В России при Петре, и правда, брали и воровали, как и до, и после Петра. Любимцем царя был Александр Меншиков, взяточник и казнокрад невероятной, невообразимой даже по нынешним временам жадности и наглости, на одном только строительстве Санкт-Петербурга нахватавший таких откатов, что на эти деньги Неву, пожалуй, можно было бы одеть в золото, а не в гранит. Причем воровал Меншиков прямо на глазах у царя, а тот смеялся и прощал: дескать, да, вороват, но заслуги его велики, "он мне и впредь нужен". Примерно в то же время, когда начиналась тяжба между Демидовым и Татищевым, разворачивался один из самых громких коррупционных скандалов петровской эпохи: обер-прокурор Сената Григорий Скорняков-Писарев "мочил" барона Петра Шафирова. Что касается борьбы с коррупцией, то в петровской России дела обстояли в соответствии с поговоркой "не пойман - не вор". А самый надежный способ быть пойманным тогда, как и сейчас - обзавестись влиятельным недругом, и истории Шафирова и Татищева были тому наглядным подтверждением.

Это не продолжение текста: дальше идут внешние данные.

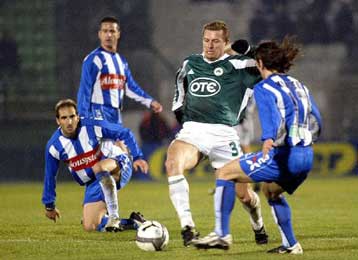 Την Τρίτη στη Γαλλία ο Παναθηναϊκός – Ξαφνικό πρόβλημα με Μπουμσόνγκ για την Οσέρ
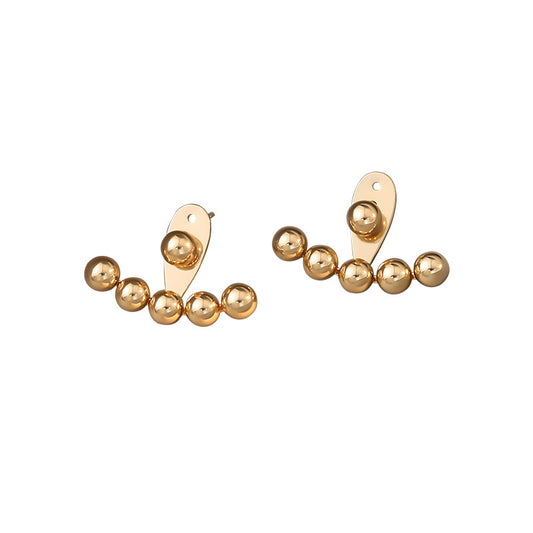 Floral Petals - Earrings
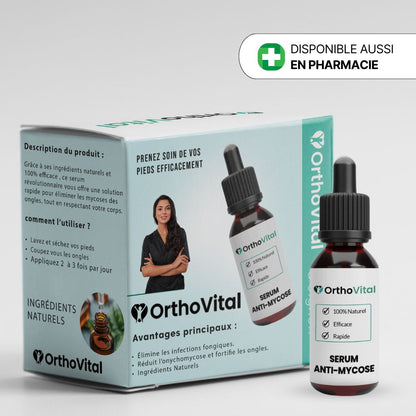 🎁 Serum Booster Offert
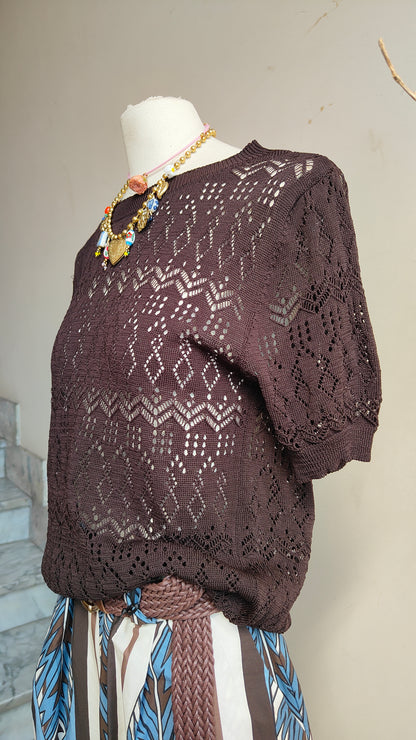 Maglia Intreccio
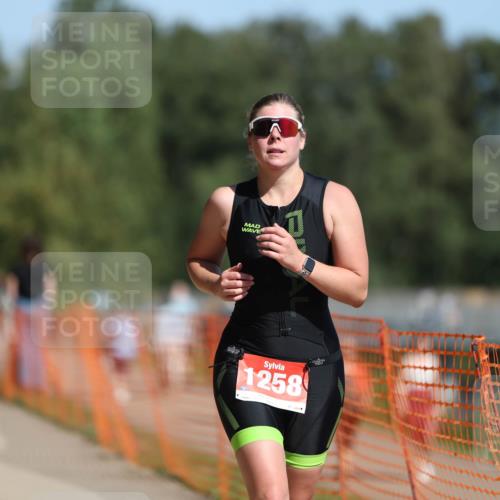 07.09.2025 - 19. Norderstedt Triathlon Michael Strokosch http://msf.ph/oto/8797002 07.09.2025 12:21:06 Laufen 168, 1258 meine-sportfotos.de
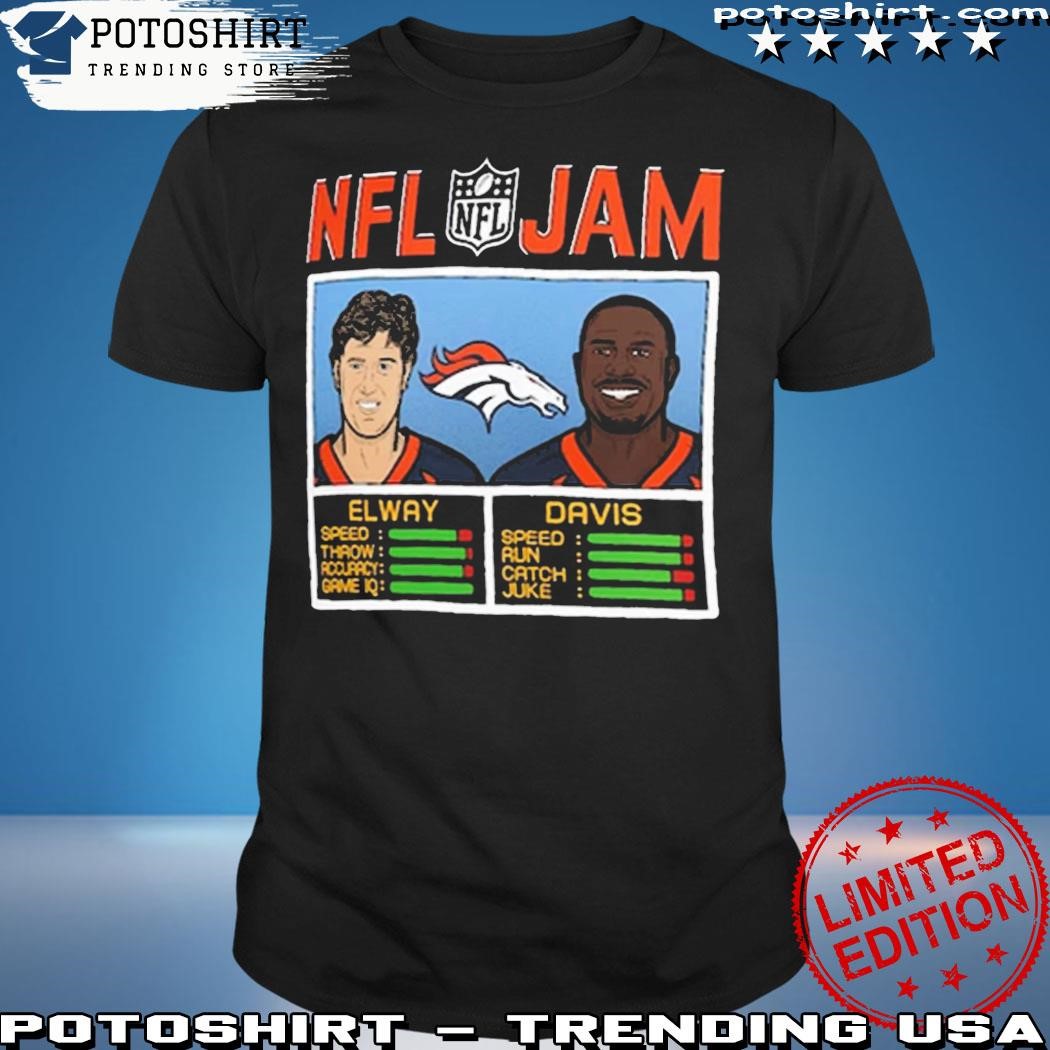 Terrell Davis | Essential T-Shirt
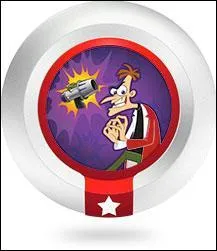 Comment s'appelle le Power Disc ? (Sur la photo)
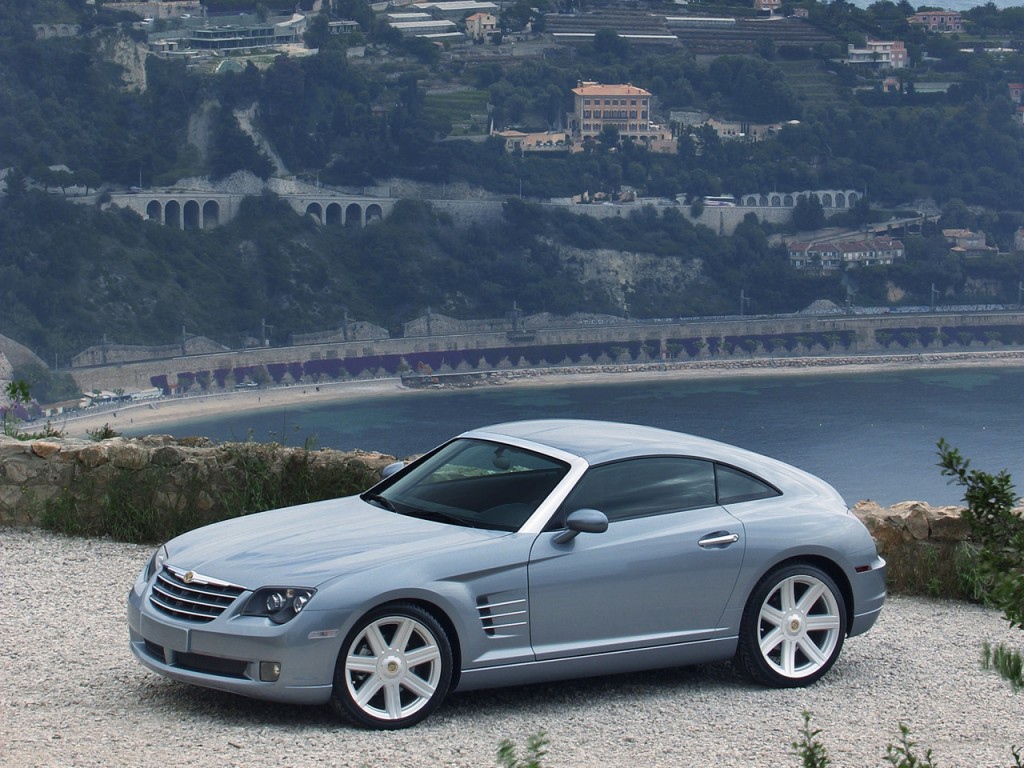 Chrysler Crossfire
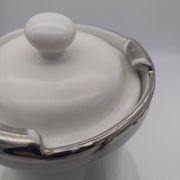 Teapot Coffee Maker Aluminite Frugier Limoges.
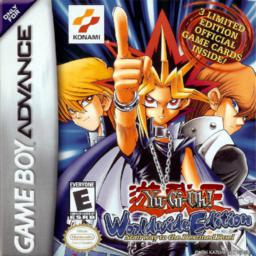 Yu-Gi-Oh!: Worldwide Edition - Stairway to the Destined Duel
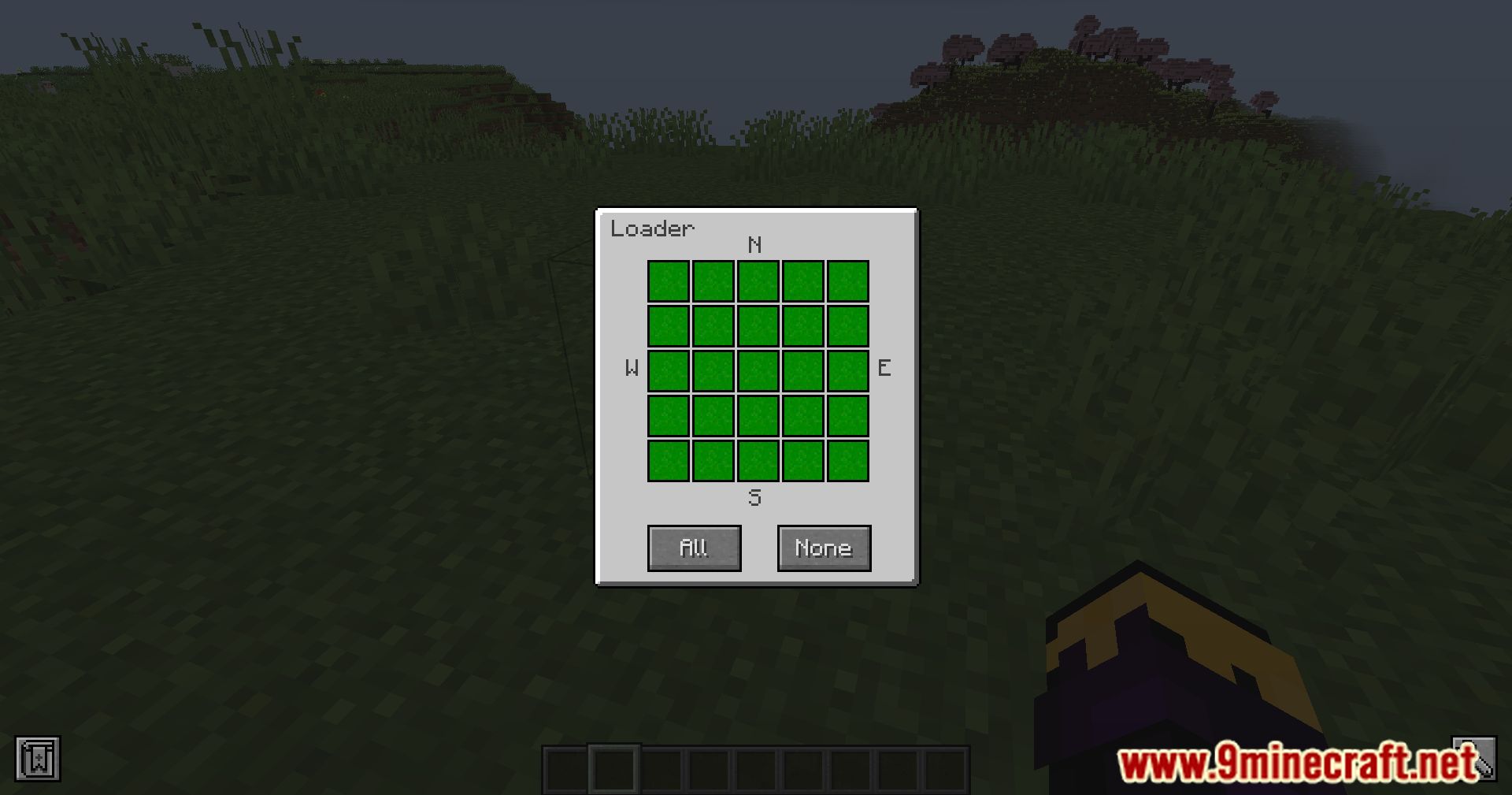 Literally Chunk Loader Mod (1.20.6, 1.20.1) - Simplifying Minecraft Automation 9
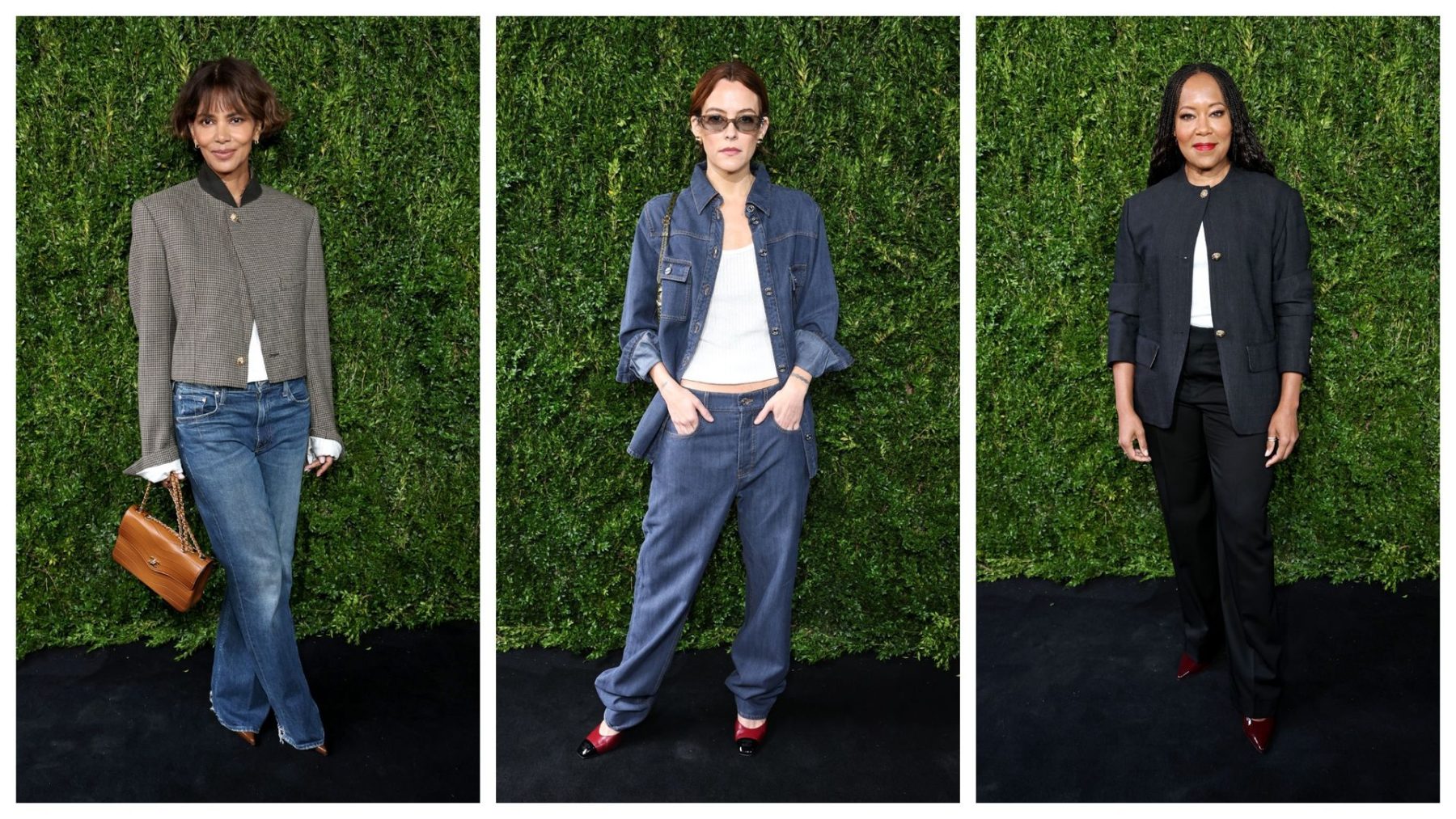 Лучшие образы Chanel с обеда Through Her Lens в Tribeca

Что касается демидовских обвинений в адрес Татищева в разорении заводов, то их развеял еще Вилим Иванович (строго говоря, Георг Вильгельм де) Геннин, комендант Олонецких заводов, которого Петр отправил на Урал разбираться в ситуации. Геннин так прямо и объяснил в письме к царю: "До сего времени никто не смел ему, бояся его, слово выговорить, и он здесь поворачивал как хотел. Ему не очень мило, что Вашего величества заводы станут здесь цвесть, для того что он мог больше своего железа продавать и цену наложить как хотел".
Однако оставалось еще обвинение во взяточничестве. В письменном оправдании Татищев ограничился по этому поводу одной фразой: "Делающему мзда не по благодати, а по делу". Когда он прибыл в Петербург и предстал перед царем и следственной комиссией, Петр потребовал объяснить, что он имел в виду. Татищев охотно пояснил, что взятка только тогда может считаться преступлением, когда подкупленный чиновник принимает несправедливое решение. Если же чиновник решает дело по закону, по справедливости и в должном порядке, то его нельзя наказывать за то, что он принял "правое возблагодарение".
Татищев заявил, что не может быть ничего предосудительного в "возблагодарении" от просителя, если чиновник работал над его делом после окончания рабочего дня, если не разводил бюрократическую волокиту и если по настоянию просителя решил его дело, как более срочное, прежде других. "Если я вижу, что мой труд не втуне будет, то я не токмо после обеда и ночью потружуся, - добавил Татищев, - игры, карты, собаки и беседы или прочие увеселения оставлю, не смотря на регистр [приемные часы], нужнейшие прежде ненужного решу, чем как себе, так просителю пользу принесу. И за мзду взятую - от Бога и Вашего Величества по правде, сужден быть не могу". Петр на это потрясающее оправдание ответил в том духе, что, дескать, это все, конечно, правда, да только если добросовестным чиновникам позволить брать "возблагодарения", то что ж станут вытворять бессовестные...
В итоге царь порешил, что лучше бессовестных оставить без наказания, чем наказать добросовестного Татищева. Он был оправдан, получил повышение и вскоре уехал в Швецию перенимать передовой опыт в области черной металлургии, а на Демидова за клевету был наложен громадный штраф (вскоре, впрочем, прощенный).
Впоследствии Татищеву не раз и не два припоминали его собственное признание в принятии мзды. На что он с полным правом мог бы возразить, что он-то, по крайней мере, сам признался и удосужился придумать какое-никакое оправдание. А главное - совесть-то у него была спокойна. Ведь была же она спокойна у гоголевского Ляпкина-Тяпкина, который "говорил всем открыто, что берет взятки, но чем взятки? Борзыми щенками. Это совсем иное дело".